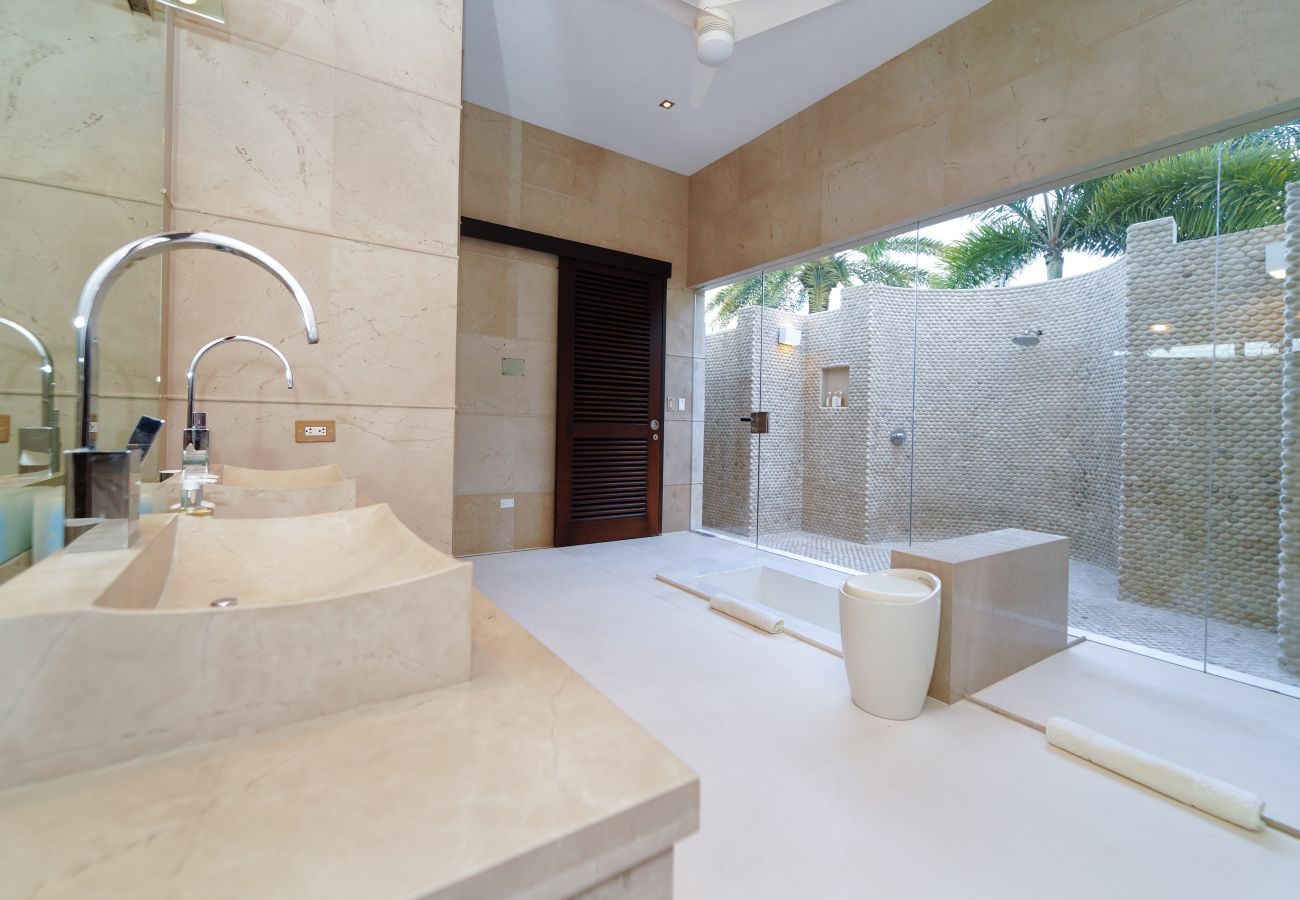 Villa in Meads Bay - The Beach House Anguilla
◇ ◇ ◇
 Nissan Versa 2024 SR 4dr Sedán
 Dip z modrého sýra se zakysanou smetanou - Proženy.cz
◇ ◇ ◇
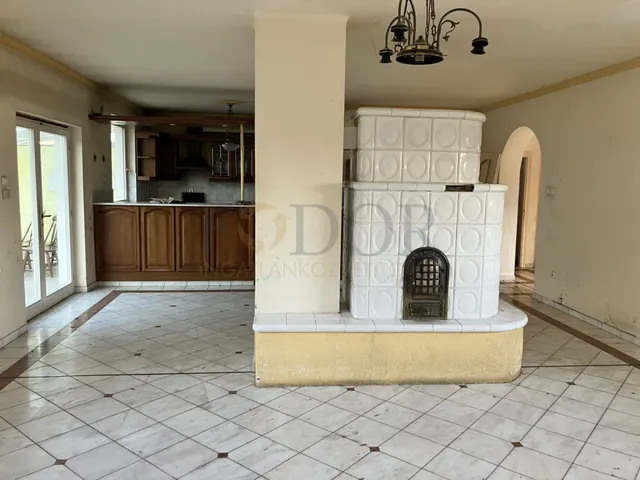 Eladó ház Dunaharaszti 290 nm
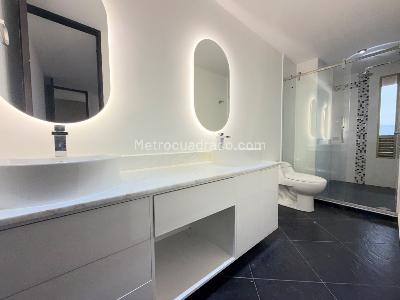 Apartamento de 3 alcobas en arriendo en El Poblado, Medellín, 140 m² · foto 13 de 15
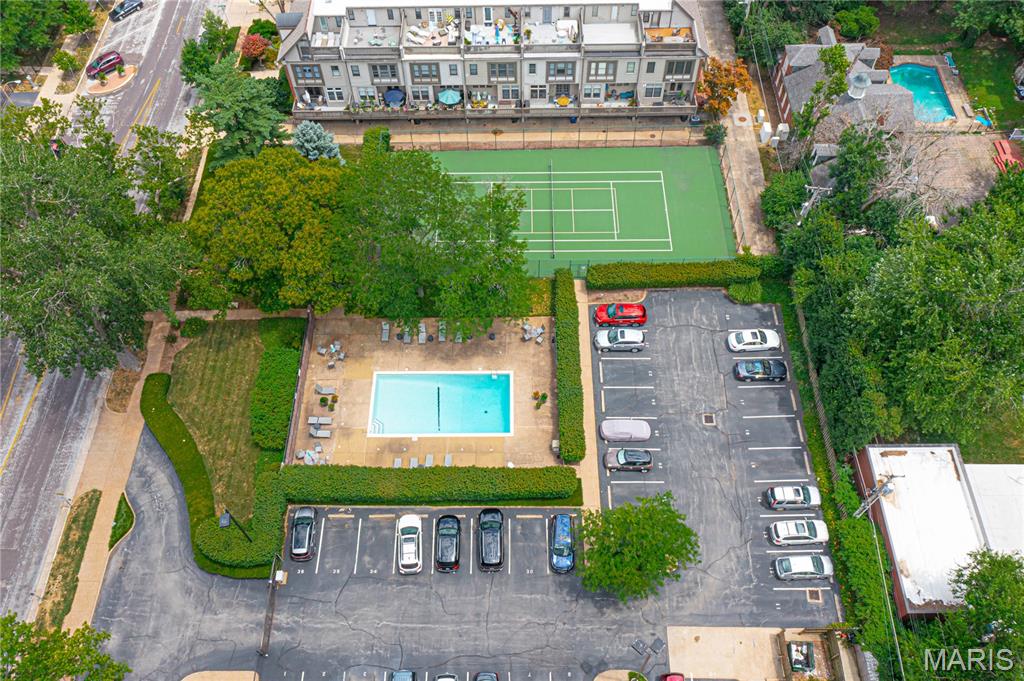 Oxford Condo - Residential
◇ ◇ ◇
◆ Assignment: Give again exactly, and only, the lines above starting at the one with "Nissan Versa 2024 SR 4dr Sedán" and ending at the one with "Dip z modrého".

◆ Task result:
 Nissan Versa 2024 SR 4dr Sedán
 Dip z modrého sýra se zakysanou smetanou - Proženy.cz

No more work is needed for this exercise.